Chuck Todd, with NBC, did what few reporters seem to do in the White House Press Corp when he injected a moment of honest journalism into the Obama-groupie press corps. Asking Jay Carney a tough question is like playing a frame of “the Charleston” for Fred Astaire: Carney laces up his tap dancing shoes for a series of evasions, accusations, and distractions.
NBC’s Chuck Todd asked a simple question:
Five days before the launch, the president said it’s a website where you can compare and purchase affordable health care plans, the same way you shop for a plane ticket on Kayak. Who misled him? Who misled the president on this? Are you telling me five days before that somebody let the president go out to the American public to give this speech and say this and make this promise? In fact, the next line is: I promise you, this is a lot easier, it’s like booking a hotel or plane ticket. Who let him down? (Click here for the video)

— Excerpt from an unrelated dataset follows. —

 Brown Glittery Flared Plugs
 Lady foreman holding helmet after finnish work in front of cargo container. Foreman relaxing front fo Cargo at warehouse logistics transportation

The moment of journalism was accepted with reluctant babbling, and repetitive (and often un-related) talking points from the chief White House spokesperson. Todd’s presumption that the Chief Salesman for Obamacare (AKA: President Obama) was simply naive in his comparison, is a cute tactic to paint the Official White House Press-Jester into a corner. But it is off base.
The fact is, the President hasn’t the slightest clue what the private sector is actually like. To progressive liberals such as our campaigner in chief, the “private-sector” is a theoretical source of tax revenue.
Remember when Obama compared the Obamacare exchange “glitches” to a glitch in the newest batch of Apple operating software? The President actually suggested that the implementation of Obamacare was nothing different than predictable glitches in computer software.
Well. . . Aside from the obvious fact that citizens are not mandated by the Federal Government to purchase i-phones (well. . . Not yet. . . Apple should work on that) his ignorance of consumer demand is stunning. Businesses die every day for having failed the expectations or demands of its potential customer base.